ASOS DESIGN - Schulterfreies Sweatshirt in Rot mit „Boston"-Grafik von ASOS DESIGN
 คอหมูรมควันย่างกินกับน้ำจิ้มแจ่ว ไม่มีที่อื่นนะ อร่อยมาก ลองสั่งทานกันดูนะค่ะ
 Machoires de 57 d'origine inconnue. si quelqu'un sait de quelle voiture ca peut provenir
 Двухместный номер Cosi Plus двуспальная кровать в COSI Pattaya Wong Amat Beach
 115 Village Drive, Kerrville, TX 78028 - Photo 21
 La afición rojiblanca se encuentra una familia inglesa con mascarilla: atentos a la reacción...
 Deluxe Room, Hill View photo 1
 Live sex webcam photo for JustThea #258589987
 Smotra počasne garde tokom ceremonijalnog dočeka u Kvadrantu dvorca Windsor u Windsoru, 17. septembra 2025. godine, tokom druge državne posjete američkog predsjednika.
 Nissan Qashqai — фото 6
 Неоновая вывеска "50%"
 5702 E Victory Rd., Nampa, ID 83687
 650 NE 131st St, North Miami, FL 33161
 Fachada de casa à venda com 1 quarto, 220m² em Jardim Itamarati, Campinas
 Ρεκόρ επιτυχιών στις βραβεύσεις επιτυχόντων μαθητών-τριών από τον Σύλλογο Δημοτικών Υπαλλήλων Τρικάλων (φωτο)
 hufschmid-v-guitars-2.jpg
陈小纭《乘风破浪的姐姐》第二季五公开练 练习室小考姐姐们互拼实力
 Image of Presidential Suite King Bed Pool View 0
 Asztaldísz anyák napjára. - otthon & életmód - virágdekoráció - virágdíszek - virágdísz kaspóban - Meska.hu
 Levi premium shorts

> _Activity_
Return each line in the records that holds the string "View".

> _Written solution_
 Deluxe Room, Hill View photo 1
 Image of Presidential Suite King Bed Pool View 0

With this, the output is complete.